Stored items
------------------------------------------------------------

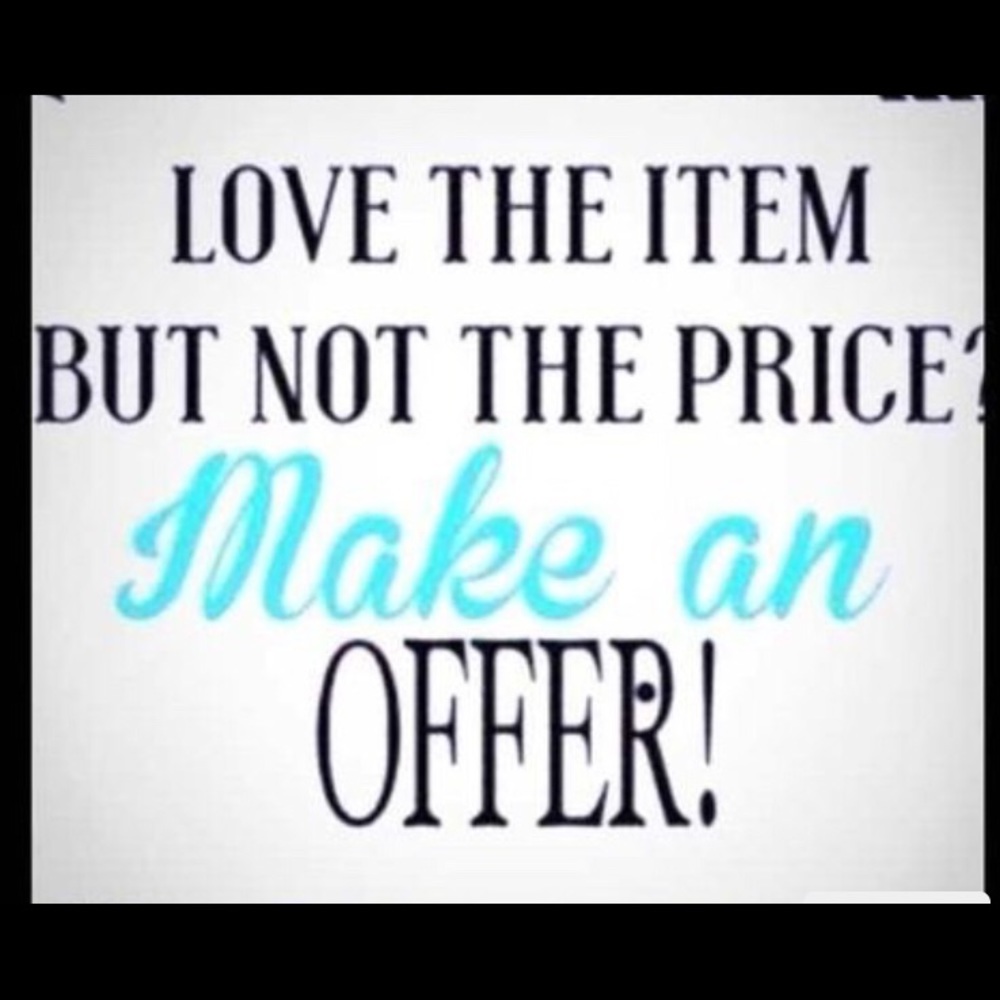 Feel free to make an offer!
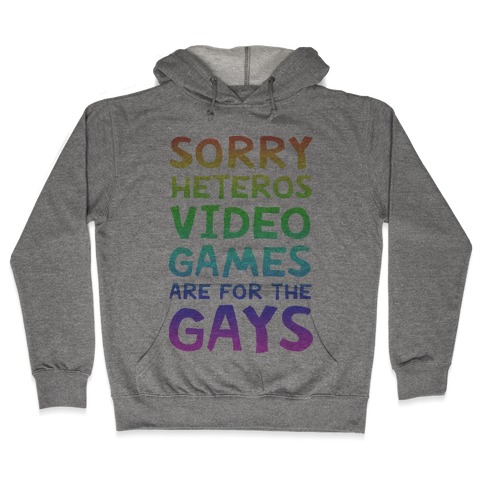 Sorry Heteros Video Games Are For The Gays Hooded Sweatshirt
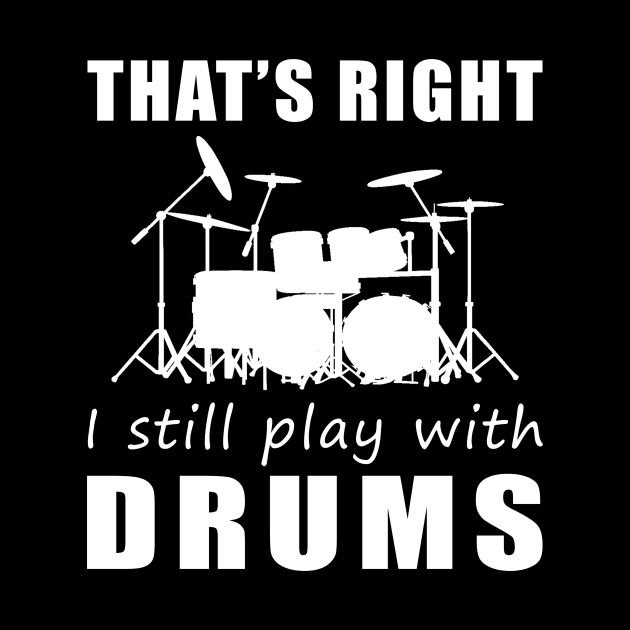 March to the Beat: That's Right, I Still Play with Drums Tee! Get in the Rhythm! by MKGift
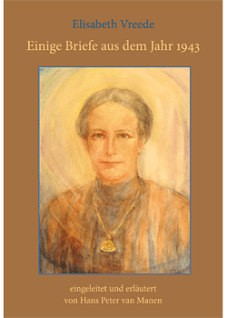 Einige Briefe aus dem Jahr 1943, Elisabeth Vreede Einige Briefe aus dem Jahr 1943, Elisabeth Vreede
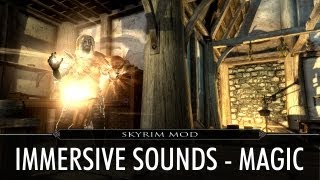 Skyrim Mod Feature: Immersive Sounds - Magic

------------------------------------------------------------

**Aim of the exercise**
Drop the images and return the data verbatim.

**Written response**
 Feel free to make an offer!
 Sorry Heteros Video Games Are For The Gays Hooded Sweatshirt
 March to the Beat: That's Right, I Still Play with Drums Tee! Get in the Rhythm! by MKGift
 Einige Briefe aus dem Jahr 1943, Elisabeth Vreede Einige Briefe aus dem Jahr 1943, Elisabeth Vreede
 Skyrim Mod Feature: Immersive Sounds - Magic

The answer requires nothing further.